I'm not sure how well this is going to work with millions of rows. How could I do this better?

Best Answer

EAV based systems (e.g. Agresso) have query performance problems inherent to the EAV structure. The problems are really based on three underlying issues:

  • The structure is fiddly to query, so you get added complexity in your queries.

  • You can't index the base table on any of the attributes, which drives some inherent inefficiency in the query plans.

  • You have to do multiple joins against a large table.

Some possible strategies for mitigating EAV performance problems are:

  • Using a clustered index to keep all records relating to a given parent in close physical proximity can help somewhat. This minimises the I/O.

  • Consider using the metadata to create a view that flattens out the EAV structure. You may have to redefine the view every time it changes, and it won't necessarily help performance much, but it will be much easier to query. Try to create the view as a roll-up rather than a multiple way join.

  • Any attribute that is not strictly user defined (eg. transaction dates, amounts) should go on the base table. These can also be indexed.

  • Resolve the most selective predicates in subqueries first and join against the sub-query.

  • If you have the option flatten out the physical structure, even if it has to be into a series of fields like 'StringField1', 'StringField2', 'DateField1', 'MoneyField1'. Your application will have to hold the configration data anyway, so you can just map to a field on the database.

    This sounds clumsy, but it's much more efficient to query, and it doesn't have to be in the users' faces. You can also use the metadata to generate a view over the table that names the fields, so other customers of the data can see a meaningful view of the data and query it without necessarily having access to the application metadata.

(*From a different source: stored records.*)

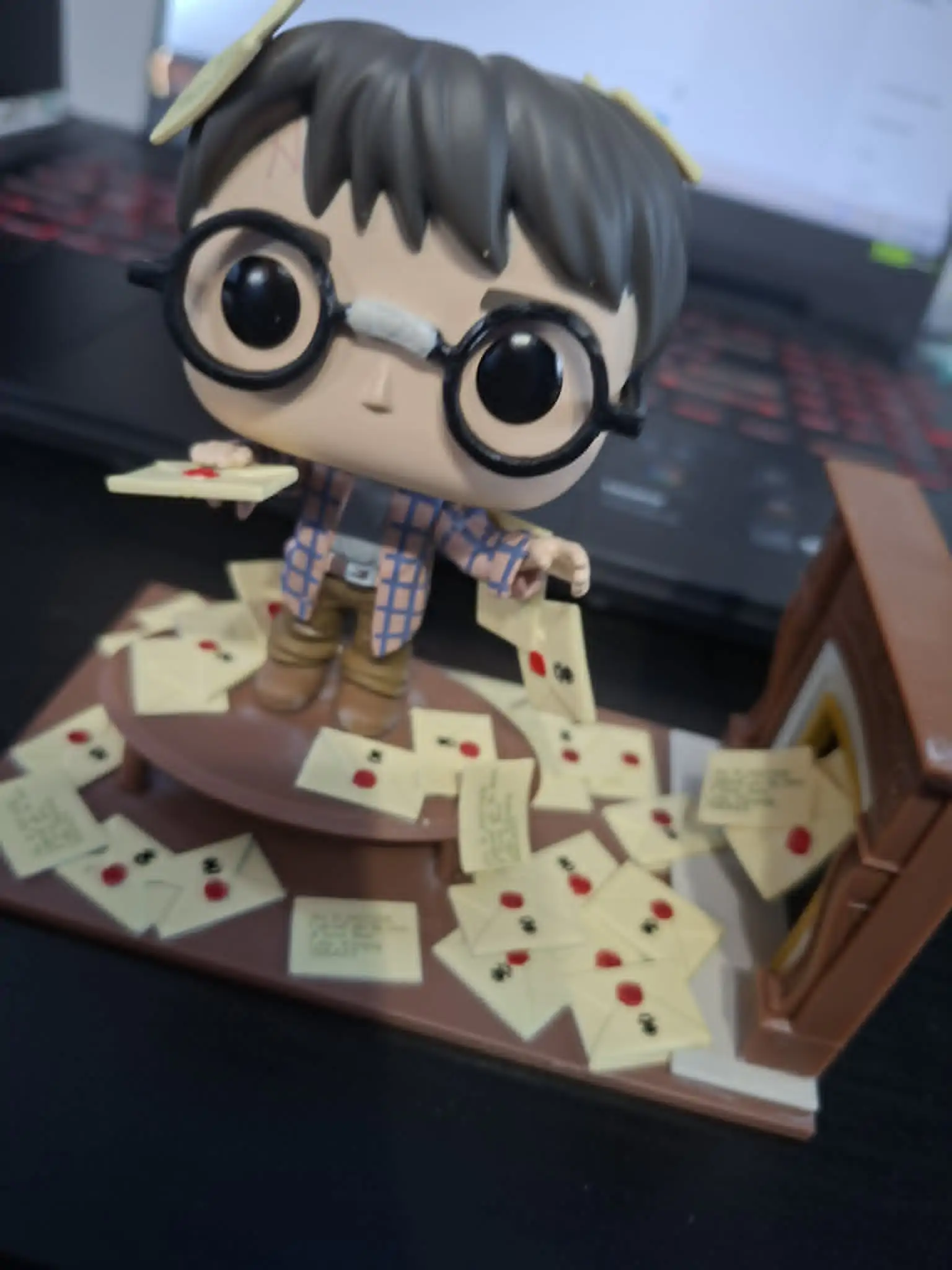 POP figure Deluxe Harry Potter Anniversary Harry Potter s listami z Rokfortu Exclusive produktová fotografia
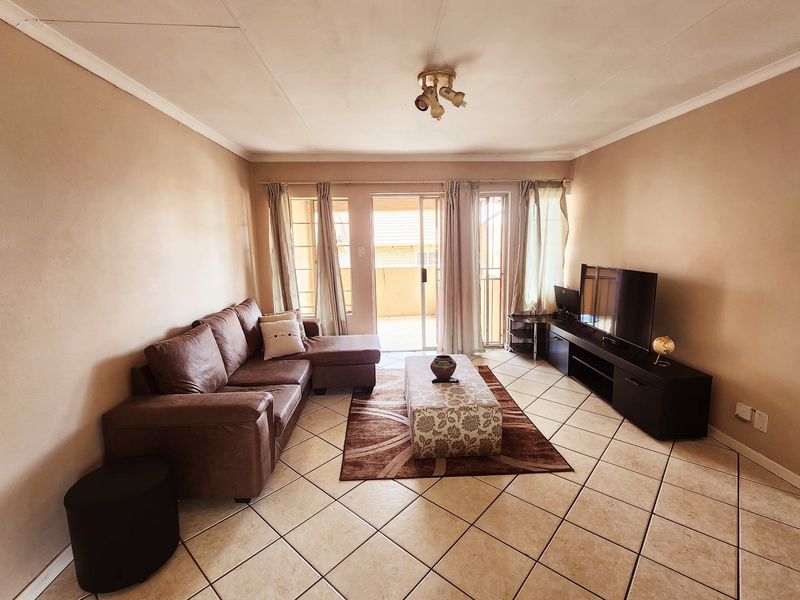 Secure 2-Bedroom Apartment in Gated Complex walking distance from a shopping Centre - Photo 4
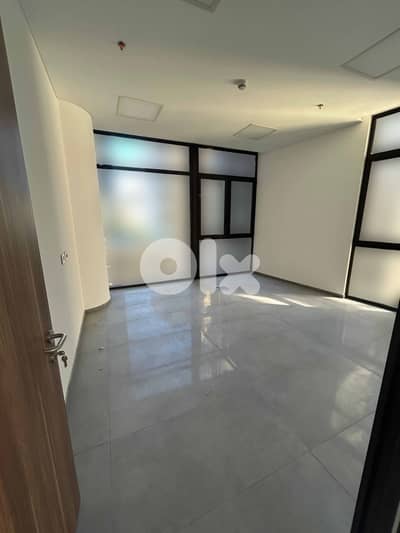SPACIOUS OFFICE FOR RENT IN BADARO , بدارو (350SQ) , (BDR-128)
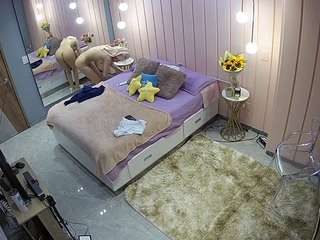 voyeurcam-casa-salsa-bedroom-2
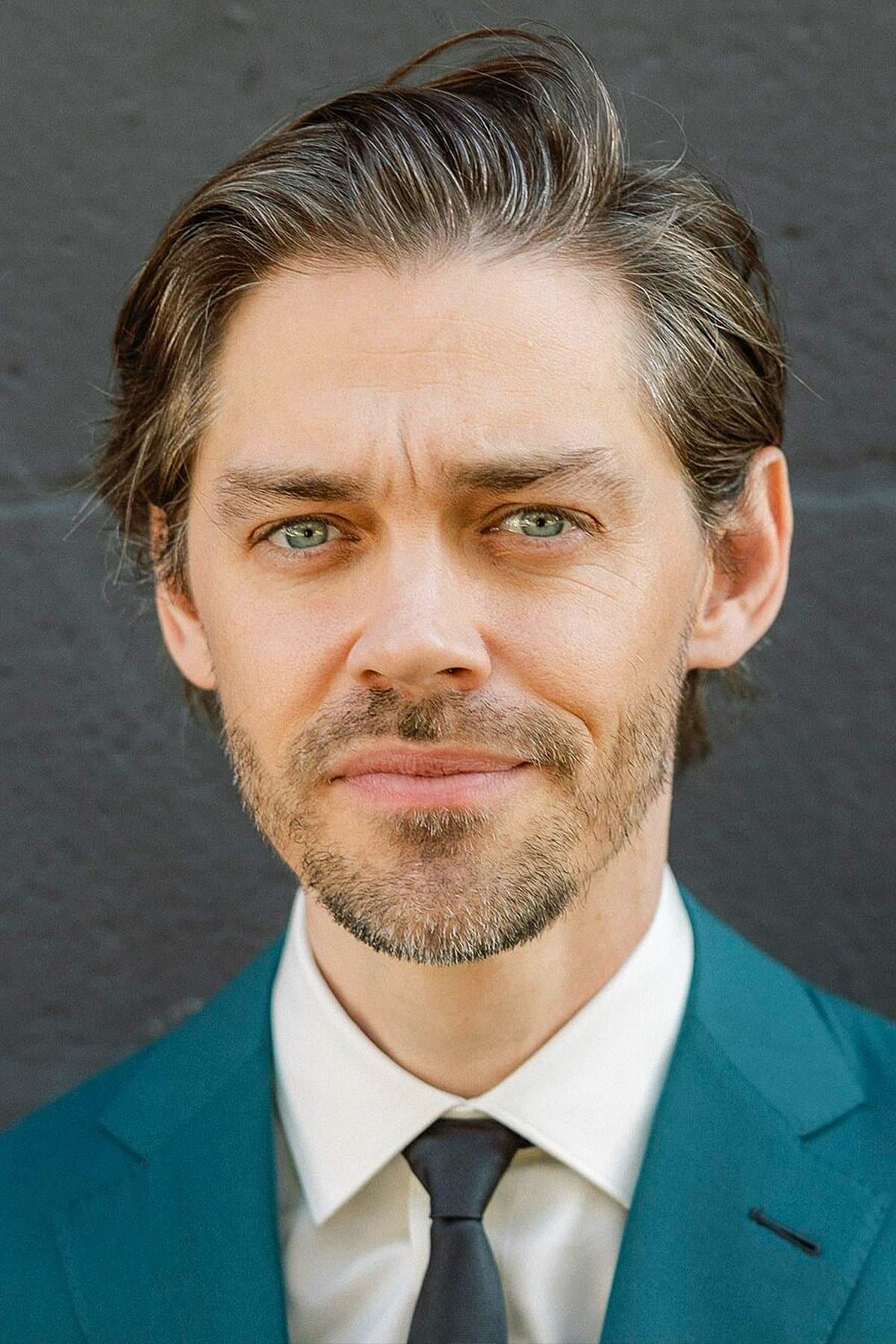 Tom Payne profile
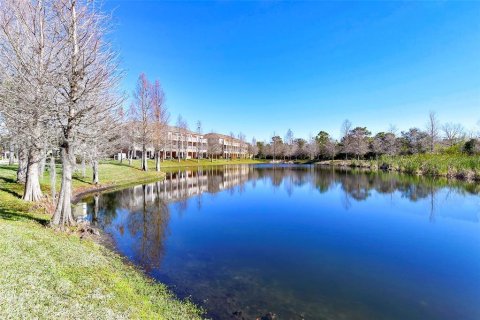 Townhouse in Lakewood Ranch, Florida 2 bedrooms, 101.45 sq.m. № 1651883 - photo 3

    If you run out of columns in the table, just add more in the database. The field mapping system can always query the system data dictionary to see what's available.

At some point in these debates, somebody often chips in with a comment about XML columns ("I know, I'll just use XML"). To paraphrase JWZ, now you have two problems. Around 1998 they installed another circle in hell just for people who defile their systems with XML blob fields.

Although it doesn't look slick and high-tech, just having a set of user attribute columns on the table is by far the best solution. It is the most efficient, and there are many ways to make this approach more user friendly at the database level.

EDIT: Here is a snippet of T-SQL showing how to create a view that flattens out an EAV structure. Note that you wound have to write a generator for the view based on the application's attribute metadata and re-create it every time this is changed.

if object_id ('dbo.Foo') is not null
    drop table dbo.Foo
go

if object_id ('dbo.FooView') is not null
    drop view dbo.FooView
go 

create table dbo.Foo (
       FooID     int not null
      ,FooKey    varchar (20)
      ,FooVal    varchar (100)
)

insert Foo (FooID, FooKey, FooVal)
values (1, 'Date', '2011-11-11')

insert Foo (FooID, FooKey, FooVal)
values (1, 'Amount', '100')

insert Foo (FooID, FooKey, FooVal)
values (2, 'Date', '2012-12-12')

insert Foo (FooID, FooKey, FooVal)
values (2, 'Amount', '200')
go

create view dbo.FooView
    as
select *
  from (select FooID
              ,FooKey
              ,FooVal
          from dbo.Foo) keys
 pivot (Max (FooVal) 
        for FooKey in ([Date],[Amount])) pvt
go

select * from dbo.FooView

This is much more efficient than solutions involving multiple self-joins on the table, and will be somewhat efficient with a clustered index on the base entity and attribute type keys. You will probably also want to put type conversions into the view so you can sort the results correctly.